Raphaël Glucksmann a tenu parole. Lors de sa rentrée politique à La Réole (Gironde), en octobre dernier, le patron de Place publique prend un double engagement : être prêt pour les prochaines échéances politiques et élaborer un projet d’ici juin 2025. Ce sera chose faite ce lundi 23 juin lors d’un point presse organisé dans un bar du Paris bobo du 10e arrondissement. Intitulé « Notre vision pour la France », le document synthétise des milliers de contributions militantes et citoyennes et s’articule autour d’une cinquantaine de chantiers destinés à répondre aux défis démocratiques, sociaux et écologiques de demain.
Une ébauche de programme présidentiel ? L’entourage du député européen parle pudiquement de « contribution au débat à gauche et au-delà dans le prolongement des européennes ». Ah, les européennes ! Ce temps béni où Glucksmann, tête de liste PS-Place publique, réalisait un score à deux chiffres (13,8 %). Une première dans un scrutin national depuis dix ans pour la gauche réformiste. Un succès vite consommé. Le soir même des résultats, Emmanuel Macron prononce la dissolution. Entre la création du Nouveau Front populaire (NFP) et l’interminable feuilleton de Matignon, l’essayiste disparaît du paysage.
Pas de quoi entamer sa conviction : il existe une aspiration pour la social-démocratie dans le pays. Et qui mieux que lui pour l’incarner ? Encore faut-il rassembler. « On ne peut pas dire qu’il se donne beaucoup de mal », lâche un proche de Bernard Cazeneuve, piqué par les réticences de Glucksmann à un début d’alliance avec l’ancien Premier ministre. « À terme, nous avons vocation à nous retrouver », tempère néanmoins un proche de Raphaël Glucksmann.

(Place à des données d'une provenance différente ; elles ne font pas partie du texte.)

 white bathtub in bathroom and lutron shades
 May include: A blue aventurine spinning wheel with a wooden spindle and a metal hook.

Si l’eurodéputé temporise, c’est pour préserver une indépendance qu’il juge aujourd’hui stratégique et ne pas compromettre l’espérance dans une étreinte avec « l’ancien monde ». Les Insoumis ne lui reprochent-ils pas à l’envi de vouloir ressusciter la gauche de François Hollande ? L’entourage esquive : « On se concentre sur le travail de fond. » Reste l’écueil de la montée en gamme. Passer d’une campagne des européennes à la présidentielle exige de changer de braquet. Or, fort de ses 12 000 adhérents, Place publique demeure un frêle esquif pour affronter la mer des batailles. « Le pognon, le savoir-faire, le réseau d’élus, c’est nous qui les avons », rappelle opportunément un cadre socialiste qui conseille à Glucksmann de se bouger. « Qu’il prenne son téléphone, appelle les députés, fasse semblant de s’intéresser… Bref, qu’il fasse de la politique ! » ajoute-t-il.

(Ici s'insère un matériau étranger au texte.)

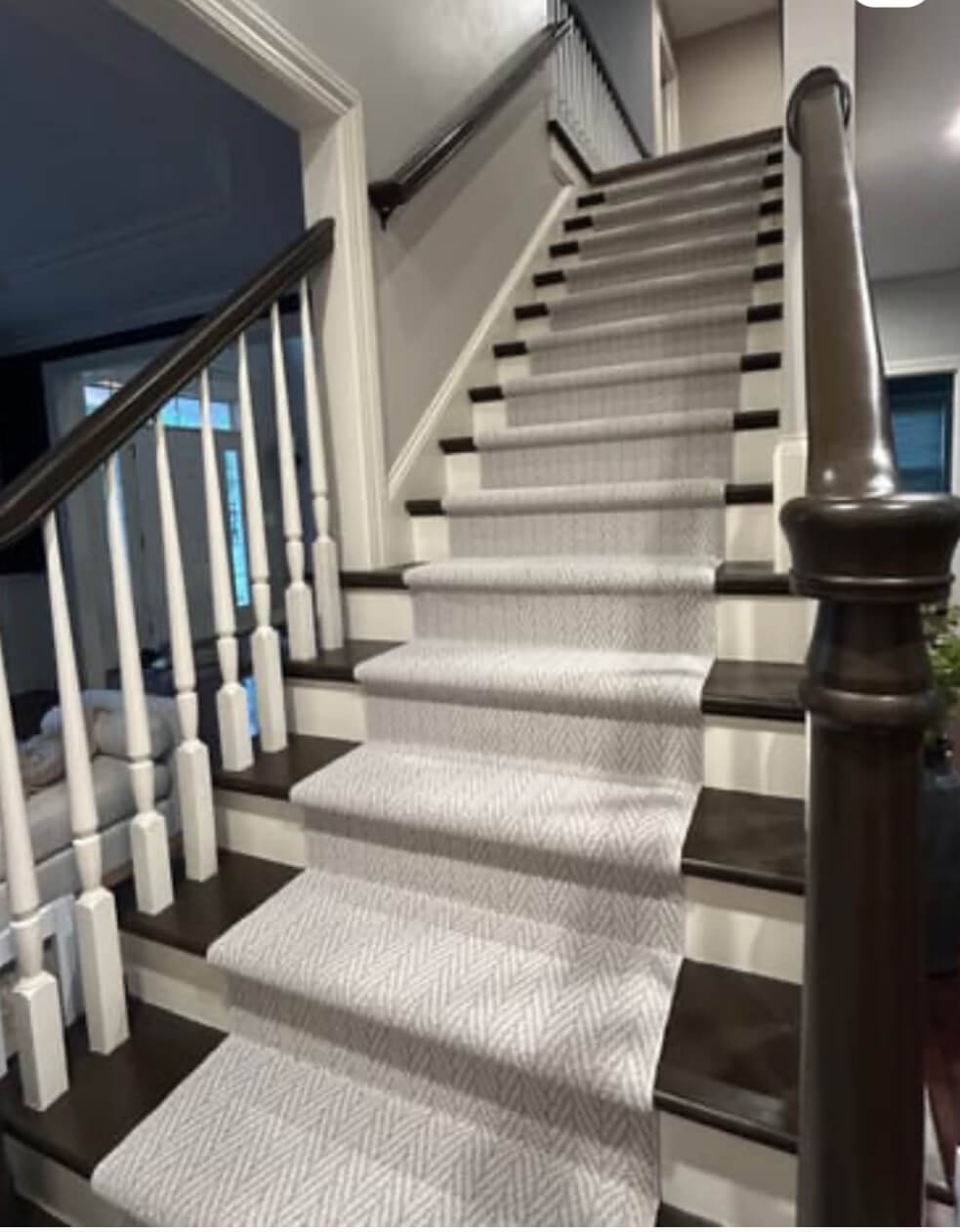 Staircase with white carpet and wooden railings in a home interior.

Encore un peu tendre, le philosophe, pour briller en politique ? Ses proches reconnaissent quelques « loupés » : « Nous sommes un jeune parti. Nous avons deux coprésidents, un sénateur et un député. C’est difficile pour nous de parler à tout le monde, mais on progresse ! » Pas dans la bonne direction, tacle à nouveau un « ami » socialiste qui ironise sur le tour de France à bas bruit entamé par Glucksmann ces dernières semaines, à la rencontre des Français et des élus locaux : « Tu peux te permettre ça quand tu t’appelles Philippe et que tu t’appuies sur une machine bien huilée, pas quand tu t’appelles Glucksmann. » Où l’on comprend que les ambitions de l’eurodéputé ne font pas trembler ses rivaux et n’enthousiasme pas (encore ?) le peuple de gauche. Glucksmann va devoir s’arracher pour inverser la tendance. La présidentielle n’a rien d’un cours magistral et encore moins d’une balade philosophique.

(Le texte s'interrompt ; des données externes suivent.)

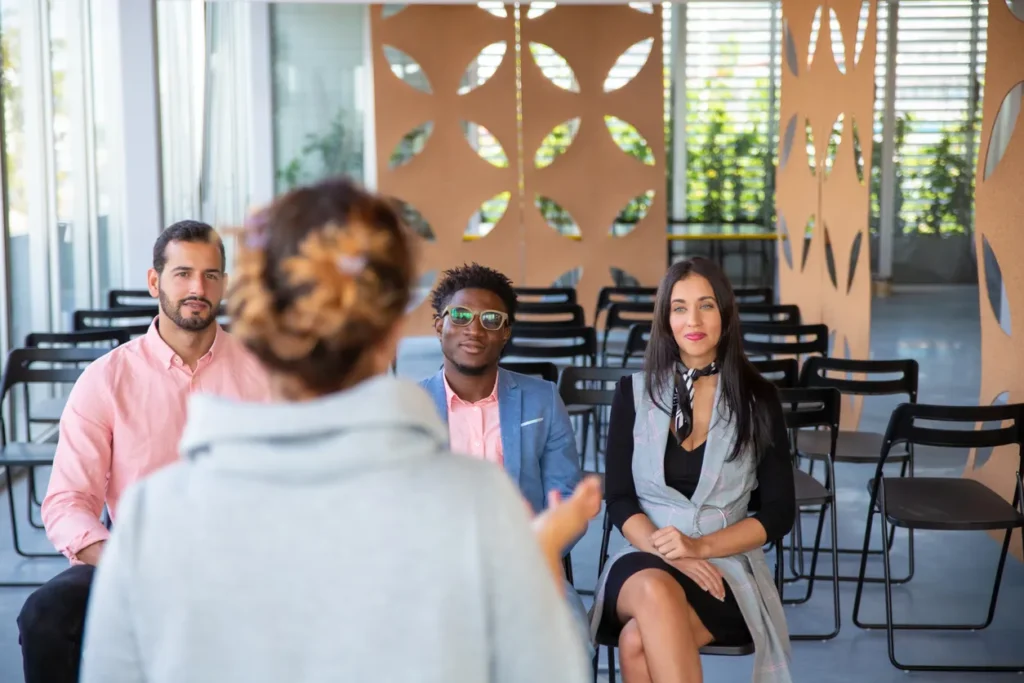 Coworkers sitting and listening speaker about accountability at work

L’arrivée, à la rentrée prochaine, de Léa Salamé – compagne de Raphaël Glucksmann – à la présentation du 20 Heures de France 2, après onze ans passés à la matinale de France Inter, sera un écueil de plus en cas de candidature à la présidentielle. « Je ne vois pas comment il peut être candidat dans ces conditions », dramatise un interlocuteur régulier de l’essayiste. L’entourage du couple se veut rassurant. Léa Salamé pourrait, le moment venu, se déporter des sujets politiques pour éviter tout conflit d’intérêts, comme elle l’a déjà fait sur France Inter au moment des élections européennes.